Creole-Spiced Shrimp Po’Boy Sandwich
A classic New Orleans sandwich featuring crispy Creole-seasoned shrimp tucked into a crusty French roll with tangy remoulade. This cajun-inspired sandwiches & wraps ready in about 30 minutes pairs peeled and deveined medium shrimp, Creole seasoning, all-purpose flour for a weeknight-friendly dinner that comes together with one pan and minimal cleanup. Each serving lands at about 560 calories and feeds 4, so it slots cleanly into a weekly meal plan and pairs well with a quick salad or grain on the side. Tap "Plan a meal with the AI" below to drop this recipe into your week and send the ingredients straight to Instacart. Nutrition values are approximate, calculated from USDA FoodData Central (fdc.nal.usda.gov) — verify against ingredient labels for any health-driven dietary plan.
Ingredients
- 1 lb, peeled and deveined medium shrimp
- 2 tbsp Creole seasoning
- 1 cup all-purpose flour
- 1 cup buttermilk
- for frying, about 4 cups vegetable oil
- 4 rolls, split lengthwise French bread rolls
- 1/2 cup mayonnaise
- 1 tbsp Dijon mustard
- 1 tsp prepared horseradish
- 1 tbsp lemon juice
- 1 tsp Worcestershire sauce
- 1/2 tsp garlic powder
- 1 cup shredded lettuce
- 1 cup sliced tomatoes
- 1/2 cup, sliced pickles
Instructions
- Step 1: In a medium bowl, toss 1 lb peeled and deveined medium shrimp with 2 tbsp Creole seasoning until evenly coated.

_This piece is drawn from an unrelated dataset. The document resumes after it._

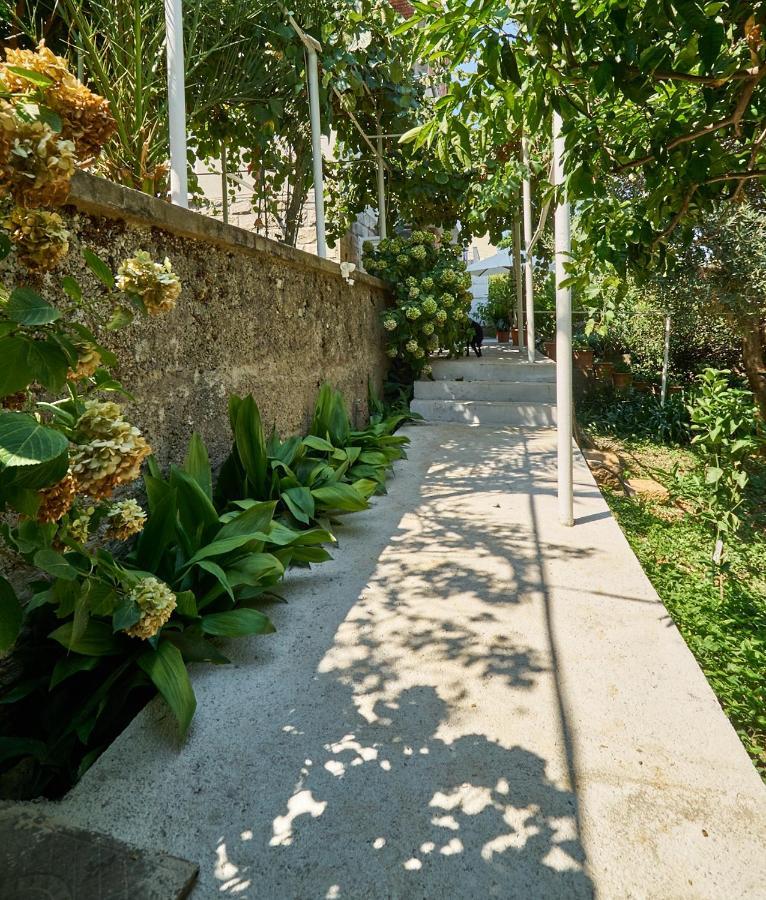 Апартаменты Aspidistra Shadow Дубровник Экстерьер фото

- Step 2: Pour 1 cup buttermilk into a shallow dish. Place 1 cup all-purpose flour in another shallow dish. Dip each seasoned shrimp first into the buttermilk, then dredge in flour, shaking off excess.
- Step 3: Heat 4 cups vegetable oil in a deep skillet or pot over medium-high heat to 350°F. Fry shrimp in batches for 2-3 minutes until golden brown and crispy. Drain on paper towels.
- Step 4: In a small bowl, whisk together 1/2 cup mayonnaise, 1 tbsp Dijon mustard, 1 tsp prepared horseradish, 1 tbsp lemon juice, 1 tsp Worcestershire sauce, and 1/2 tsp garlic powder until smooth to make remoulade sauce.
- Step 5: Split 4 French bread rolls lengthwise, toast lightly if desired. Spread remoulade sauce evenly on both sides of each roll.
- Step 6: Layer each sandwich with 1/4 cup shredded lettuce, 1/4 cup sliced tomatoes, 1/8 cup sliced pickles, and a generous handful of fried shrimp. Serve immediately.
Equipment for this recipe
Top-rated tools to make this recipe successfully.
Frequently asked questions
How long does Creole-Spiced Shrimp Po’Boy Sandwich take to make?
Total time is about 30 minutes (15 min prep + 15 min cook). Most home cooks find this fits comfortably into a weeknight; double the batch on Sunday for two dinners.
How do I store leftover Creole-Spiced Shrimp Po’Boy Sandwich?
Cool to room temperature within 2 hours, then store in an airtight container in the fridge for up to 4 days. Reheat covered in a 350°F oven for 10-12 minutes, or microwave at 70% power in 60-second bursts to keep creole seasoning from drying out.
Can I substitute ingredients in Creole-Spiced Shrimp Po’Boy Sandwich?
Yes — most ingredients in this recipe have flexible swaps. For oil, use any neutral high-smoke-point oil (avocado, grapeseed, refined coconut). For aromatics, dried herbs at ⅓ the volume of fresh work in a pinch. The full ingredient list is shoppable on Instacart so you can see substitutes in real time.
How do I scale Creole-Spiced Shrimp Po’Boy Sandwich for a different number of people?
The recipe is written for 4 servings. Multiply each ingredient by (your serving target / 4). Cook time stays roughly the same up to 2x; for 3-4x batches, switch from a skillet to a sheet pan or stockpot so the food isn't crowded — overcrowding steams instead of browns.
What goes well with Creole-Spiced Shrimp Po’Boy Sandwich?
Cajun sandwiches & wraps like this pair well with a simple grain (rice, couscous, or crusty bread), a quick salad with acid (lemon vinaigrette, pickled onions), and a pan sauce or yogurt-based dip. Tap "Plan a meal with the AI" to get specific side suggestions.